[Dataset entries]
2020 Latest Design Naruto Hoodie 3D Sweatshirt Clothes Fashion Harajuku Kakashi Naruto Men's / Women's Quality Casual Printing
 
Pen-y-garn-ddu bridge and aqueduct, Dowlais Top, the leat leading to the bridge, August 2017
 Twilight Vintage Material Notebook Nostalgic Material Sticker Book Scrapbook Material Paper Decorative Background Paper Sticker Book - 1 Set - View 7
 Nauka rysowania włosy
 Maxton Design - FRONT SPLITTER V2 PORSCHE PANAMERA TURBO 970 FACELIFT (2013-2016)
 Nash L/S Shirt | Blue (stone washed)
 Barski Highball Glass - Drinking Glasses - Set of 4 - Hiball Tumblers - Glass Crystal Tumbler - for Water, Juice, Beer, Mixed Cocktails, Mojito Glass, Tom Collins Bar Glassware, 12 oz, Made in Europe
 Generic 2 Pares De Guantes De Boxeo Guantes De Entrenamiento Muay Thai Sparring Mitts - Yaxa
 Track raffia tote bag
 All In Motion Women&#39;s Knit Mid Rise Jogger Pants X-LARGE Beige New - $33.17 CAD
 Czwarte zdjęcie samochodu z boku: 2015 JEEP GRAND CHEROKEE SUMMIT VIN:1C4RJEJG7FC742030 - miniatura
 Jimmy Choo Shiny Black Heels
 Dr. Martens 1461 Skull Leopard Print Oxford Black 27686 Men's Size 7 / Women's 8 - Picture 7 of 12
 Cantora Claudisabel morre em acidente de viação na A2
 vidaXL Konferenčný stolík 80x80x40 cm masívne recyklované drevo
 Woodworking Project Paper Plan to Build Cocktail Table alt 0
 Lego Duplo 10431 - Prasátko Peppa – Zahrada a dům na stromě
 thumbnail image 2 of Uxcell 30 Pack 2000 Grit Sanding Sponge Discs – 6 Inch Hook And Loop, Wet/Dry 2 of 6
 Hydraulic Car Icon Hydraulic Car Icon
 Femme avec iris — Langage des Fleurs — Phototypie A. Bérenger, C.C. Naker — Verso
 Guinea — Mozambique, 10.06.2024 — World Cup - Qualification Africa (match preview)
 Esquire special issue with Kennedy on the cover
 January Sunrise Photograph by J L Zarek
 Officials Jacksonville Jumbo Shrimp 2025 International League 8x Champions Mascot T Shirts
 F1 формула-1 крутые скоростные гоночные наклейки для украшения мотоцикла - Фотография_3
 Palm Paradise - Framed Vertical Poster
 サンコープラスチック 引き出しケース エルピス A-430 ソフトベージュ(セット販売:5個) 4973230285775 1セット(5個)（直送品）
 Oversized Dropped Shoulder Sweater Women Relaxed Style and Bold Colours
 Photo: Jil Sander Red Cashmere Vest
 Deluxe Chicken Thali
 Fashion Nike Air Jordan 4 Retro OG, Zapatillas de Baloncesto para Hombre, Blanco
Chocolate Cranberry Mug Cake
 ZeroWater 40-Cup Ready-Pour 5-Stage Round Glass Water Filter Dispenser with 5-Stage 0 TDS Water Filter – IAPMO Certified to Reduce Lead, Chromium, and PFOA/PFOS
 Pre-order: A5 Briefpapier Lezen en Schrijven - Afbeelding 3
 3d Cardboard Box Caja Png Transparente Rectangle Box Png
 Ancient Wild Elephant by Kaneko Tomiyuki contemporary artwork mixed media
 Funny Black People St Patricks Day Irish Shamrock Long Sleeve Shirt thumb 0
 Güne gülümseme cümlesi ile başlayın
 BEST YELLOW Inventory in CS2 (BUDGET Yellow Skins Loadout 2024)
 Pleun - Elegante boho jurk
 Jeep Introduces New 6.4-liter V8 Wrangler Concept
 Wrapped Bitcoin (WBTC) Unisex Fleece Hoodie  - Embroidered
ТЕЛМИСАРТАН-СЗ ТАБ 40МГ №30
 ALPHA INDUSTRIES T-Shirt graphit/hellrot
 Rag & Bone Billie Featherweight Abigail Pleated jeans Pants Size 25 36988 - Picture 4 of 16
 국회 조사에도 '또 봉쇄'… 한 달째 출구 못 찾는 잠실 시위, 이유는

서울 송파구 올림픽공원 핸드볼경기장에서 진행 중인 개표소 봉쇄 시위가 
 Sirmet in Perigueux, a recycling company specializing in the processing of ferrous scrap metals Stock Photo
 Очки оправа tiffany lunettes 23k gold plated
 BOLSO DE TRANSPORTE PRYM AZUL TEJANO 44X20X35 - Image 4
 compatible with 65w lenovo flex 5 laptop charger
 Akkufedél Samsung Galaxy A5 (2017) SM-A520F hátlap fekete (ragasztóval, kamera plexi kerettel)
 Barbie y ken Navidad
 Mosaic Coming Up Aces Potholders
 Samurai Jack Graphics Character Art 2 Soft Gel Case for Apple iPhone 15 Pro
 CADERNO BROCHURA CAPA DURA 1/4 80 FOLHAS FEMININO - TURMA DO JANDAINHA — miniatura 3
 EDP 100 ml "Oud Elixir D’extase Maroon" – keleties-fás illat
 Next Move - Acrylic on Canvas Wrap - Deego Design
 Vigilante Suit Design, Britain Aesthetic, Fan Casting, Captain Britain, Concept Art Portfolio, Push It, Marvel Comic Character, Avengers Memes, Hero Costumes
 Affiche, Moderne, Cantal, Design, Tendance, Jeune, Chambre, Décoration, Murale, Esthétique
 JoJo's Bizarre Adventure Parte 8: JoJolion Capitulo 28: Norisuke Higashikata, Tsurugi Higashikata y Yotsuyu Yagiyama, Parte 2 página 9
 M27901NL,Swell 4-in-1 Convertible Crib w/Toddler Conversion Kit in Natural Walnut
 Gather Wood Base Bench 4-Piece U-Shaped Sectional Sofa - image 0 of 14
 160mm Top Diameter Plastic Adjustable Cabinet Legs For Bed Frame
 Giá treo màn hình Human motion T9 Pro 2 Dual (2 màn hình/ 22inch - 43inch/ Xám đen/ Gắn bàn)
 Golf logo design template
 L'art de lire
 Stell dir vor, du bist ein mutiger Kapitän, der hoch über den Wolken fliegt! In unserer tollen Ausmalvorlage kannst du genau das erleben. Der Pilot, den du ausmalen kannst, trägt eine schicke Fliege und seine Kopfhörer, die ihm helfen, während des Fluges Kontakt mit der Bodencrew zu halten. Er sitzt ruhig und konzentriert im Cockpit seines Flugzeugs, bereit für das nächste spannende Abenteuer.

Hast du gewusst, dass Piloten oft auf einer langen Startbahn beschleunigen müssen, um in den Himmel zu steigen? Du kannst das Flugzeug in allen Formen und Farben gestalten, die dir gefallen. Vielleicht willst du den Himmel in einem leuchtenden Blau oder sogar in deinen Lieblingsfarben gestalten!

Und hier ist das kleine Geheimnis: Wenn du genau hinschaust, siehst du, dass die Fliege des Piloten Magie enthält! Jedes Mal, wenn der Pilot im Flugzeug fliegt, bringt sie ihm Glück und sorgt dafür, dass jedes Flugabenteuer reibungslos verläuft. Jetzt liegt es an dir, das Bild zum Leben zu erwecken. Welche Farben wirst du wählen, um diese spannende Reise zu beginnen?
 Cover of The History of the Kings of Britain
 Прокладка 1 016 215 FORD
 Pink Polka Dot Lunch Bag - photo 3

* Task to complete:
Go through the records and set every one down exactly.

* Reply:
2020 Latest Design Naruto Hoodie 3D Sweatshirt Clothes Fashion Harajuku Kakashi Naruto Men's / Women's Quality Casual Printing
 
Pen-y-garn-ddu bridge and aqueduct, Dowlais Top, the leat leading to the bridge, August 2017
 Twilight Vintage Material Notebook Nostalgic Material Sticker Book Scrapbook Material Paper Decorative Background Paper Sticker Book - 1 Set - View 7
 Nauka rysowania włosy
 Maxton Design - FRONT SPLITTER V2 PORSCHE PANAMERA TURBO 970 FACELIFT (2013-2016)
 Nash L/S Shirt | Blue (stone washed)
 Barski Highball Glass - Drinking Glasses - Set of 4 - Hiball Tumblers - Glass Crystal Tumbler - for Water, Juice, Beer, Mixed Cocktails, Mojito Glass, Tom Collins Bar Glassware, 12 oz, Made in Europe
 Generic 2 Pares De Guantes De Boxeo Guantes De Entrenamiento Muay Thai Sparring Mitts - Yaxa
 Track raffia tote bag
 All In Motion Women&#39;s Knit Mid Rise Jogger Pants X-LARGE Beige New - $33.17 CAD
 Czwarte zdjęcie samochodu z boku: 2015 JEEP GRAND CHEROKEE SUMMIT VIN:1C4RJEJG7FC742030 - miniatura
 Jimmy Choo Shiny Black Heels
 Dr. Martens 1461 Skull Leopard Print Oxford Black 27686 Men's Size 7 / Women's 8 - Picture 7 of 12
 Cantora Claudisabel morre em acidente de viação na A2
 vidaXL Konferenčný stolík 80x80x40 cm masívne recyklované drevo
 Woodworking Project Paper Plan to Build Cocktail Table alt 0
 Lego Duplo 10431 - Prasátko Peppa – Zahrada a dům na stromě
 thumbnail image 2 of Uxcell 30 Pack 2000 Grit Sanding Sponge Discs – 6 Inch Hook And Loop, Wet/Dry 2 of 6
 Hydraulic Car Icon Hydraulic Car Icon
 Femme avec iris — Langage des Fleurs — Phototypie A. Bérenger, C.C. Naker — Verso
 Guinea — Mozambique, 10.06.2024 — World Cup - Qualification Africa (match preview)
 Esquire special issue with Kennedy on the cover
 January Sunrise Photograph by J L Zarek
 Officials Jacksonville Jumbo Shrimp 2025 International League 8x Champions Mascot T Shirts
 F1 формула-1 крутые скоростные гоночные наклейки для украшения мотоцикла - Фотография_3
 Palm Paradise - Framed Vertical Poster
 サンコープラスチック 引き出しケース エルピス A-430 ソフトベージュ(セット販売:5個) 4973230285775 1セット(5個)（直送品）
 Oversized Dropped Shoulder Sweater Women Relaxed Style and Bold Colours
 Photo: Jil Sander Red Cashmere Vest
 Deluxe Chicken Thali
 Fashion Nike Air Jordan 4 Retro OG, Zapatillas de Baloncesto para Hombre, Blanco
Chocolate Cranberry Mug Cake
 ZeroWater 40-Cup Ready-Pour 5-Stage Round Glass Water Filter Dispenser with 5-Stage 0 TDS Water Filter – IAPMO Certified to Reduce Lead, Chromium, and PFOA/PFOS
 Pre-order: A5 Briefpapier Lezen en Schrijven - Afbeelding 3
 3d Cardboard Box Caja Png Transparente Rectangle Box Png
 Ancient Wild Elephant by Kaneko Tomiyuki contemporary artwork mixed media
 Funny Black People St Patricks Day Irish Shamrock Long Sleeve Shirt thumb 0
 Güne gülümseme cümlesi ile başlayın
 BEST YELLOW Inventory in CS2 (BUDGET Yellow Skins Loadout 2024)
 Pleun - Elegante boho jurk
 Jeep Introduces New 6.4-liter V8 Wrangler Concept
 Wrapped Bitcoin (WBTC) Unisex Fleece Hoodie  - Embroidered
ТЕЛМИСАРТАН-СЗ ТАБ 40МГ №30
 ALPHA INDUSTRIES T-Shirt graphit/hellrot
 Rag & Bone Billie Featherweight Abigail Pleated jeans Pants Size 25 36988 - Picture 4 of 16
 국회 조사에도 '또 봉쇄'… 한 달째 출구 못 찾는 잠실 시위, 이유는

서울 송파구 올림픽공원 핸드볼경기장에서 진행 중인 개표소 봉쇄 시위가 
 Sirmet in Perigueux, a recycling company specializing in the processing of ferrous scrap metals Stock Photo
 Очки оправа tiffany lunettes 23k gold plated
 BOLSO DE TRANSPORTE PRYM AZUL TEJANO 44X20X35 - Image 4
 compatible with 65w lenovo flex 5 laptop charger
 Akkufedél Samsung Galaxy A5 (2017) SM-A520F hátlap fekete (ragasztóval, kamera plexi kerettel)
 Barbie y ken Navidad
 Mosaic Coming Up Aces Potholders
 Samurai Jack Graphics Character Art 2 Soft Gel Case for Apple iPhone 15 Pro
 CADERNO BROCHURA CAPA DURA 1/4 80 FOLHAS FEMININO - TURMA DO JANDAINHA — miniatura 3
 EDP 100 ml "Oud Elixir D’extase Maroon" – keleties-fás illat
 Next Move - Acrylic on Canvas Wrap - Deego Design
 Vigilante Suit Design, Britain Aesthetic, Fan Casting, Captain Britain, Concept Art Portfolio, Push It, Marvel Comic Character, Avengers Memes, Hero Costumes
 Affiche, Moderne, Cantal, Design, Tendance, Jeune, Chambre, Décoration, Murale, Esthétique
 JoJo's Bizarre Adventure Parte 8: JoJolion Capitulo 28: Norisuke Higashikata, Tsurugi Higashikata y Yotsuyu Yagiyama, Parte 2 página 9
 M27901NL,Swell 4-in-1 Convertible Crib w/Toddler Conversion Kit in Natural Walnut
 Gather Wood Base Bench 4-Piece U-Shaped Sectional Sofa - image 0 of 14
 160mm Top Diameter Plastic Adjustable Cabinet Legs For Bed Frame
 Giá treo màn hình Human motion T9 Pro 2 Dual (2 màn hình/ 22inch - 43inch/ Xám đen/ Gắn bàn)
 Golf logo design template
 L'art de lire
 Stell dir vor, du bist ein mutiger Kapitän, der hoch über den Wolken fliegt! In unserer tollen Ausmalvorlage kannst du genau das erleben. Der Pilot, den du ausmalen kannst, trägt eine schicke Fliege und seine Kopfhörer, die ihm helfen, während des Fluges Kontakt mit der Bodencrew zu halten. Er sitzt ruhig und konzentriert im Cockpit seines Flugzeugs, bereit für das nächste spannende Abenteuer.

Hast du gewusst, dass Piloten oft auf einer langen Startbahn beschleunigen müssen, um in den Himmel zu steigen? Du kannst das Flugzeug in allen Formen und Farben gestalten, die dir gefallen. Vielleicht willst du den Himmel in einem leuchtenden Blau oder sogar in deinen Lieblingsfarben gestalten!

Und hier ist das kleine Geheimnis: Wenn du genau hinschaust, siehst du, dass die Fliege des Piloten Magie enthält! Jedes Mal, wenn der Pilot im Flugzeug fliegt, bringt sie ihm Glück und sorgt dafür, dass jedes Flugabenteuer reibungslos verläuft. Jetzt liegt es an dir, das Bild zum Leben zu erwecken. Welche Farben wirst du wählen, um diese spannende Reise zu beginnen?
 Cover of The History of the Kings of Britain
 Прокладка 1 016 215 FORD
 Pink Polka Dot Lunch Bag - photo 3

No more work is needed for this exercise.